Conservation of Energy

Conservation of Energy

Energy Stores and Transfers

• Energy Definition: Energy is essential for all actions and interactions in a system.
• Energy Stores: Think of energy stores like buckets that hold energy.
  • Kinetic Energy: Energy of a moving object.
  • Thermal Energy: Energy within an object due to its temperature; hotter objects contain more thermal energy.
  • Chemical Energy: Energy released during chemical reactions (e.g., food, fuel).
  • Gravitational Potential Energy: Energy stored in objects due to their position in a gravitational field.
  • Elastic Potential Energy: Energy in stretched or compressed objects (e.g., springs).
  • Electrostatic Energy: Energy stored when electric charges interact.
  • Magnetic Energy: Energy related to magnetic fields and interactions (e.g., magnets).
  • Nuclear Energy: Energy stored in atomic nuclei, released during nuclear reactions.

Energy Transfers

o System Definition: A single object or a group of objects under examination.

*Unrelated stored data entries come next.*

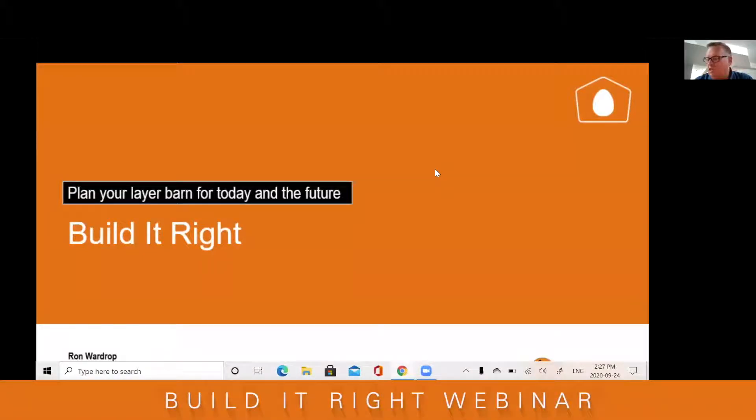Good afternoon everyone and thank you for joining us today. Today we're going to have a webinar on Build It Right — a webinar about planning the layer barn for today and the future. We're going to share our considerations when building a new barn, right from the building, the equipment, and through the egg room. We're going to look at what we have today and future considerations.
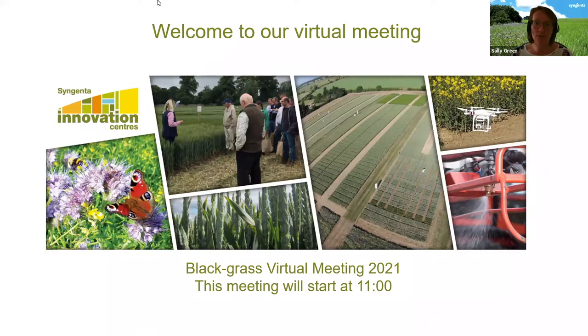Just a couple of housekeeping points before we start. We are recording this webinar, which is why you can only see us as speakers and not each other. If you'd like to submit questions, you can do that in the Q&A function at the very bottom of the Zoom screen. Please submit questions as you think of them — they'll come through to all of us and we'll take those at the end.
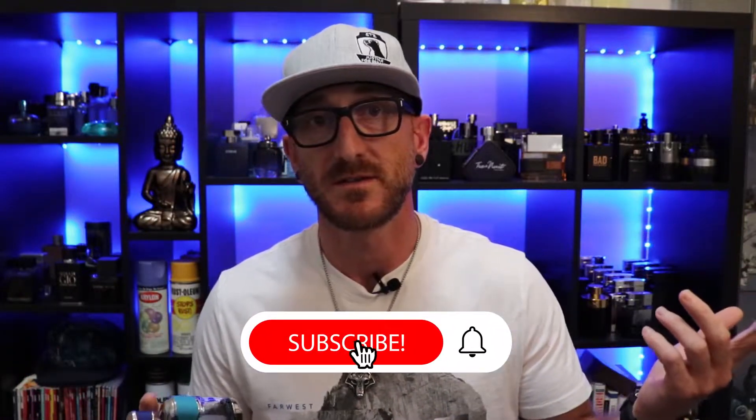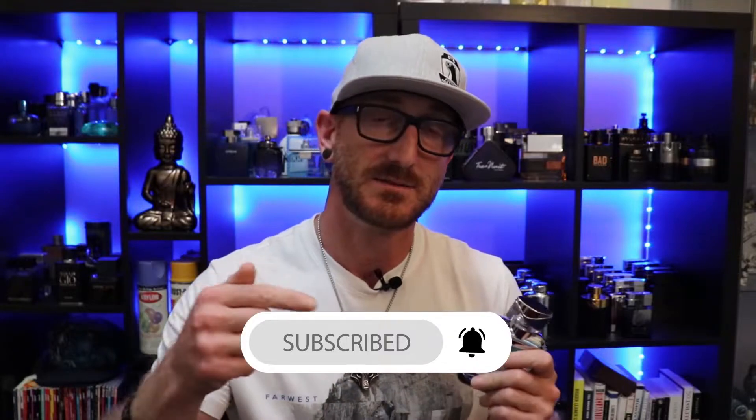El Cielo is a Spanish word meaning the sky — more in the context of heavenly, as far as I understand. You didn't think you'd get a Spanish lesson coming to a fragrance channel, did you? That's why Post Cologne is such a good channel. You should hit that subscribe button — you get Spanish lessons and you learn about fragrances. So subscribe.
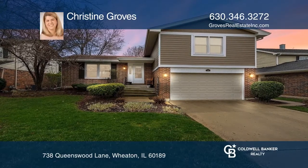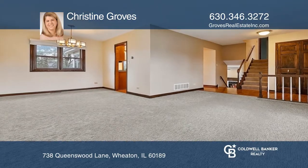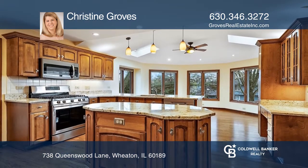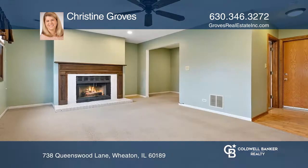Welcome to this move-in-ready split-level home. The addition opened and extended the kitchen and added an eating area. The master bedroom suite has a remodeled bathroom and walk-in closet.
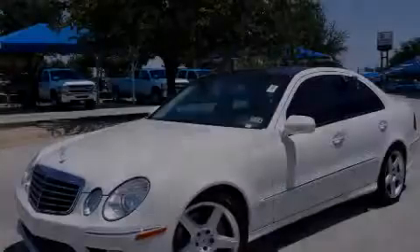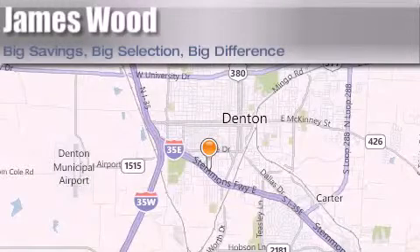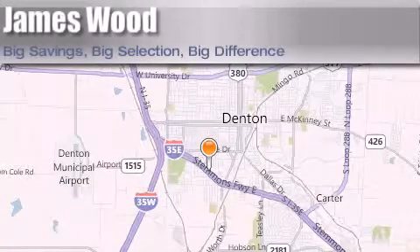Please call today to reserve this vehicle for a test drive. James Wood Auto Park is located at 3906 Interstate 35E South in Denton. Our goal is to exceed all of your expectations to ensure that you'll return for future visits.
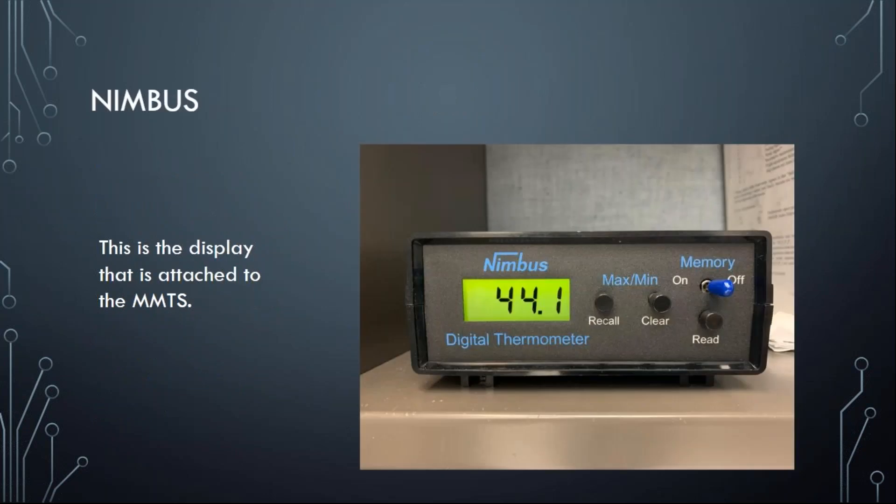The Nimbus is a digital electronic storage box that keeps that temperature information. The default display shows the current temperature, and it can store in its memory up to about 35 days' worth of maximum and minimum temperature information. That data is stored and then sent in to us at the Weather Service after the month is finished. The co-op observer can get a readout of their max and min temperatures over the last several weeks, and we get that information sent to us here.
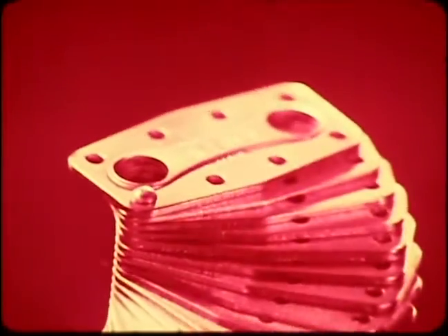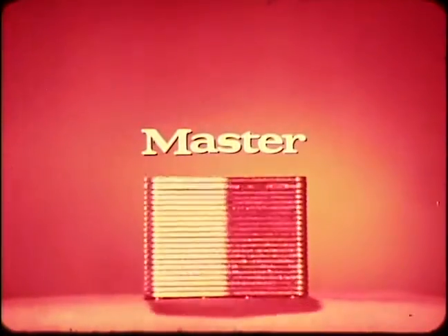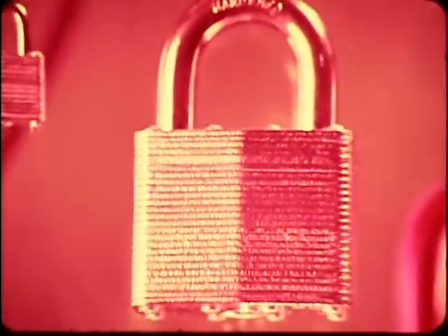Because the case is laminated, like a bank vault door — layer upon layer of tough steel to protect the inner working parts. Master stacks up: strong, dependable, secure.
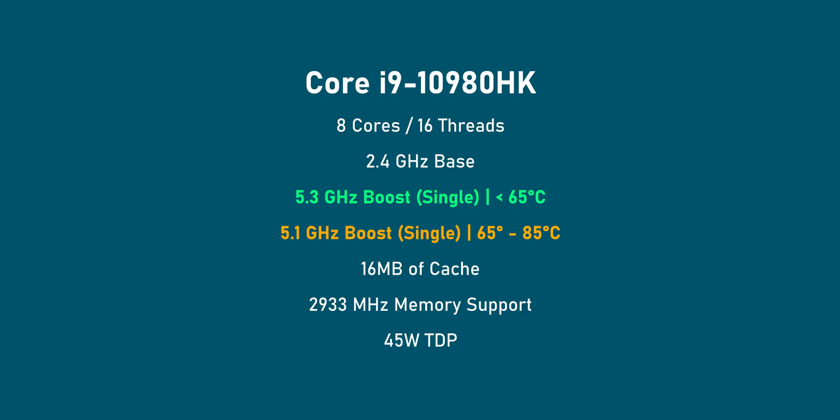That 5.3 GHz can only be hit if Intel's thermal velocity boost algorithm detects that the CPU is operating at 65°C or lower. If it's operating between 65 to 85°C, the maximum boost would be 5.1 GHz.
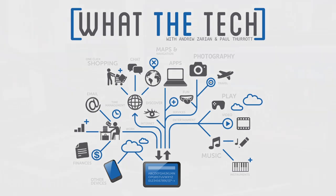Welcome to What The Tech. I'm Andrew Zarin, joined by Paul Thorat. You're in a good mood today — you're playing around with an operating system that people have not used in many, many years. You are installing Windows 95.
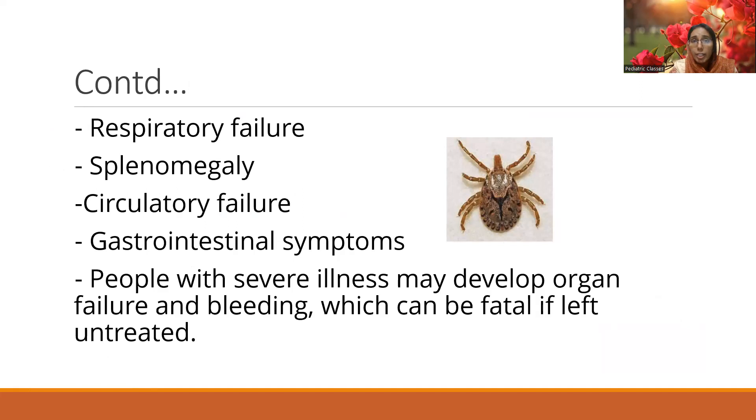In severe conditions the patient can present with respiratory failure or circulatory failure. The patient may also have splenomegaly or GI symptoms. Severe disease will definitely result in organ failure and bleeding, which can be fatal if left untreated. In many cases the patient may present with hypotensive shock or cardiac failure, so do not forget to keep scrub typhus in the back of your mind when fever is also associated.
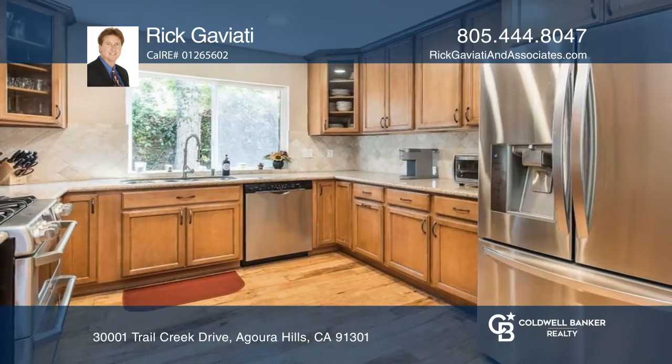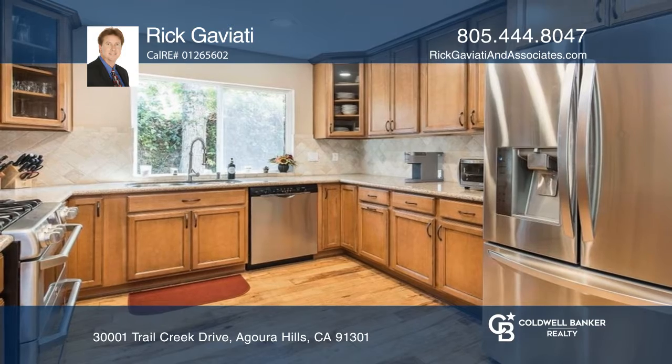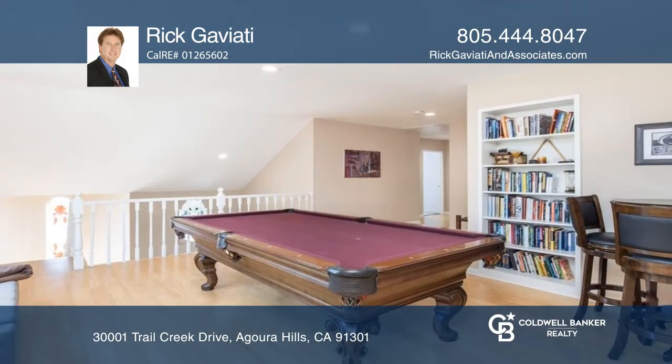Welcome to this amazing Agoura Hills home. The remodeled kitchen includes soft-closed cabinet doors and drawers and high-end appliances.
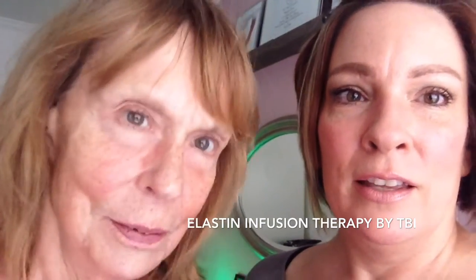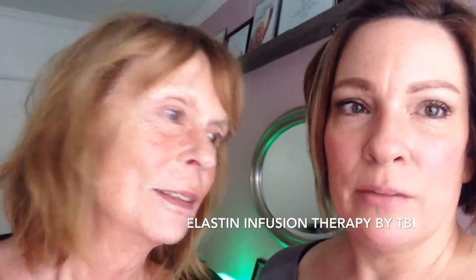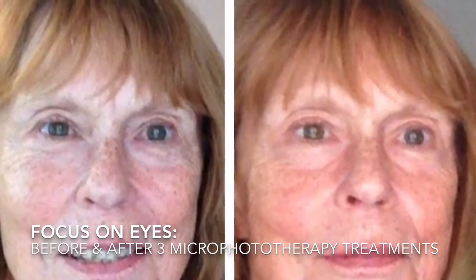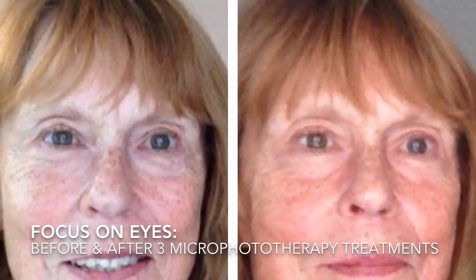So that does a lot to sort of thicken up the skin and really super hydrate it. You can see through her eyes — close your eyes — they're starting to shrink up because of micro-phototherapy.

• Closed System: No energy enters or leaves; total energy remains constant (net change is zero).
• Example of Closed System: A sealed thermos flask maintains the temperature of soup as no energy is lost to surroundings.

Key Learning Objectives:

• Explain energy transfers in a closed system.
• Analyze changes in energy storage across various scenarios (e.g., object projected upwards, a moving object hitting an obstacle).
• Define conservation of energy and provide examples of energy dissipation in systems.
• Recognize inefficiencies in mechanical processes that can lead to heating and energy loss.
• Interpret energy transfer diagrams.

Methods of Energy Transfer:

1. Mechanically: Energy transferred through force (e.g., pushing, pulling).
2. Electrically: Movement of charge (current) through a potential difference.
3. By Heating: Transfer from hot to cold objects (e.g., heating water).
4. By Radiation: Transfer through waves (e.g., sunlight reaching Earth).

Work Done:

• Work Definition: Energy transferred via force over a distance; can be mechanical or electrical.
  • Example Scenarios:
  • Work done to throw a ball: transfers chemical energy from the person to kinetic energy of arm and ball, then to gravitational potential energy of the ball.

Conservation of Energy Principle:

• Energy cannot be created or destroyed but can be transformed from one store to another.
• Formula for kinetic energy: KE = \frac{1}{2} m v^2
• Example: Ball rolling up a slope converts kinetic energy to gravitational potential energy.
• Energy output can be useful or wasted (dissipated).

Useful Energy Stores and Dissipation:

• Not all energy transferred is useful; energy may become thermal energy of surroundings (wasted energy).
• Efficiency of Devices: The less energy wasted, the more efficient the device. Efficiency can be improved by reducing waste.

Energy Transfer Diagrams:

• Diagrams use boxes for energy stores and arrows for transfers.
• Example: Diagram representing a ball thrown upwards accounting for air resistance and energy transfers.

Practice Questions:

1. List eight forms of energy store.
2. Define net change in energy for a closed system.
3. State the conservation of energy principle.
4. Describe energy transfers during various physical processes (arrows, boiling water, battery operation).
5. Explain differences in energy measurements using specific scenarios (e.g., ball’s potential vs kinetic energy).